Ah, right, it's coming back to me now (I tinkered with the implementation briefly a few months ago). The Identifier
type has an isOperator()
method (and some helpers) that is used throughout Sema and elsewhere to determine whether an identifier is an operator or not, and it only looks at the first code point because right now that's enough to distinguish it.
If you wanted to apply my suggested rule above that a backticked identifier is an operator if and only if all of its characters are operator characters, then you could modify that function accordingly, and that should fix the issue you're seeing (assuming there are no other required changes elsewhere). There's a comment in isOperator()
about caching that calculation, and if you're checking every character instead of just the first one, it would probably be a good opportunity to resolve that. (There's also some duplication that would be nice to clean up, because the code point ranges for operators are listed both in Lexer.cpp and Identifier.h.)

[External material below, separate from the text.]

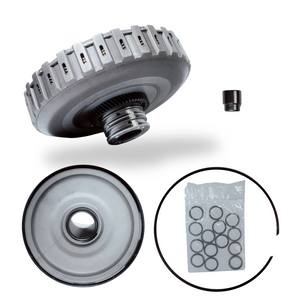 DQ500 Embrayage de série - 7 vitesses DSG / S-Tronic Embrayage Audi 2.5 TFSI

Another issue I remember running into: Make sure to add some tests that run some escaped identifiers through -emit-silgen
and then feed that SIL back into the compiler to test SILPrinter
and SILParser
. Currently, SILPrinter
only escapes identifiers that match keywords, so you'll need to extend that logic to cover other identifiers that require escaping under the proposed new rules, and then also make sure that SILParser
handles those correctly (which hopefully falls out naturally because I think the lexer is the same).